==== EXCERPTED RECORDS

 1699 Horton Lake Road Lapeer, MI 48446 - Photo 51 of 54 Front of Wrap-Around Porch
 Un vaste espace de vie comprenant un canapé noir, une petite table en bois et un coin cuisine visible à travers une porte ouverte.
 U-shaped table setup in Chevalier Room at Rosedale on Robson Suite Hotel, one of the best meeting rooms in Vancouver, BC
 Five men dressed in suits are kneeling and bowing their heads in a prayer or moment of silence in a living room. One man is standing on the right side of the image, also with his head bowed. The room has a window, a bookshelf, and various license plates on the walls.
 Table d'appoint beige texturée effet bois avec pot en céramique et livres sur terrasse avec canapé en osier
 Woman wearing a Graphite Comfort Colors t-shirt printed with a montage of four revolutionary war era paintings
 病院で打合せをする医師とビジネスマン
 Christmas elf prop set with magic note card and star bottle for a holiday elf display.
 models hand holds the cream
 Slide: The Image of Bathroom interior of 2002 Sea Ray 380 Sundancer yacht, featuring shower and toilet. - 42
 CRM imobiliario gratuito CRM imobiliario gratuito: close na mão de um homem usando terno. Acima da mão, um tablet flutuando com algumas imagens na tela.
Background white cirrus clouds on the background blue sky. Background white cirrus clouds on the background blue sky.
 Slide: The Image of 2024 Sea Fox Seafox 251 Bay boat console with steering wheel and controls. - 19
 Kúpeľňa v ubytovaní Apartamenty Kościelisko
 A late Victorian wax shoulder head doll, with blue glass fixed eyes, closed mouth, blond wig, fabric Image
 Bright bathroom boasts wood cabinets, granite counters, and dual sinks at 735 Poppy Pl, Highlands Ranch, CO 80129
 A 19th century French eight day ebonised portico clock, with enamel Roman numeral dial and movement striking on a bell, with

========

_WHAT YOU WILL DO_
Wherever "head" turns up in the records, copy the whole line.

_ANSWER SPACE_
 Five men dressed in suits are kneeling and bowing their heads in a prayer or moment of silence in a living room. One man is standing on the right side of the image, also with his head bowed. The room has a window, a bookshelf, and various license plates on the walls.
 A late Victorian wax shoulder head doll, with blue glass fixed eyes, closed mouth, blond wig, fabric Image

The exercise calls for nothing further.